** What to do **
What is needed is an exact copy of the whole listing below, with no pictures.

** Recorded information **

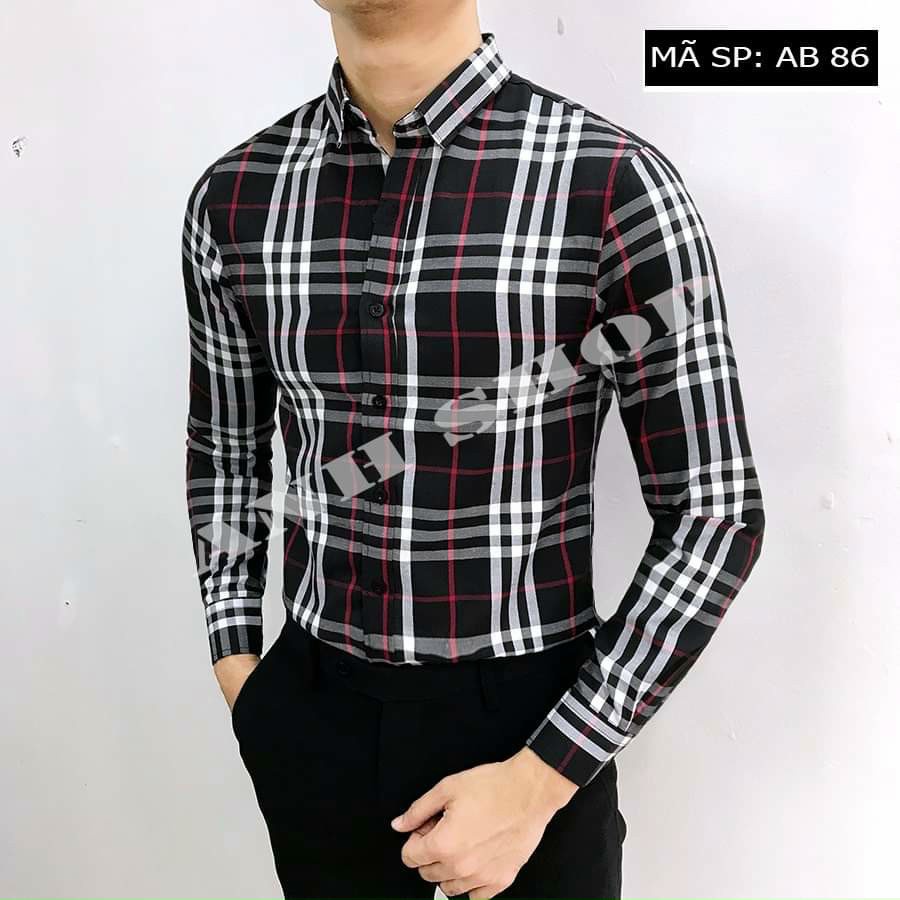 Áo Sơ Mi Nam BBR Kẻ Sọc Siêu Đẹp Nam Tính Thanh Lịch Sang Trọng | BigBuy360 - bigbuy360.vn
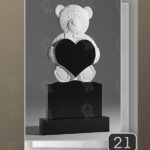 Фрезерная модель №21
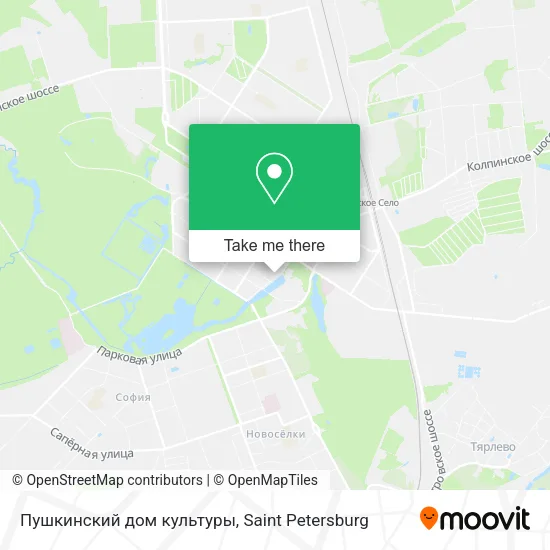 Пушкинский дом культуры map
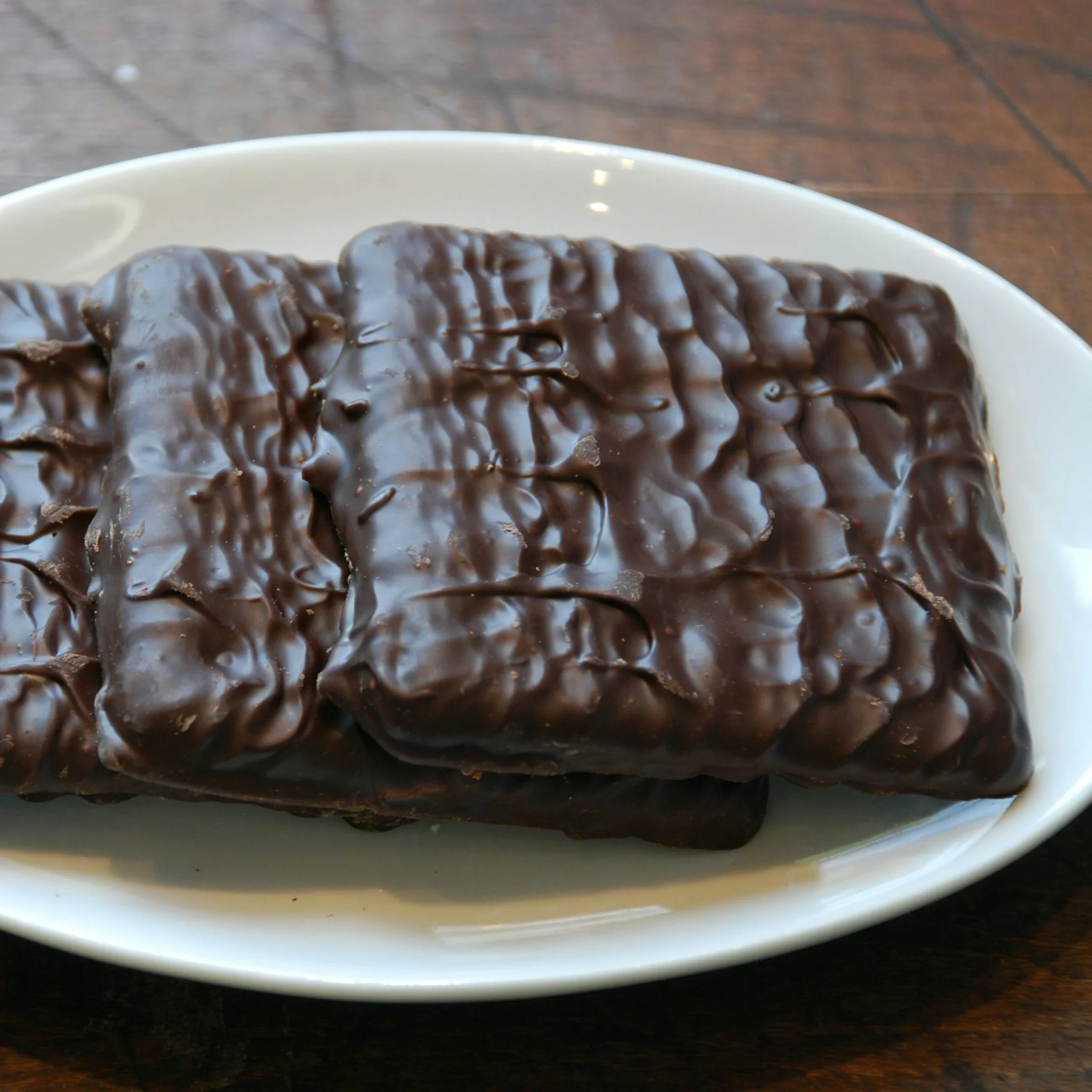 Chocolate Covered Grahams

** Answer space **
 Áo Sơ Mi Nam BBR Kẻ Sọc Siêu Đẹp Nam Tính Thanh Lịch Sang Trọng | BigBuy360 - bigbuy360.vn
 Фрезерная модель №21
 Пушкинский дом культуры map
 Chocolate Covered Grahams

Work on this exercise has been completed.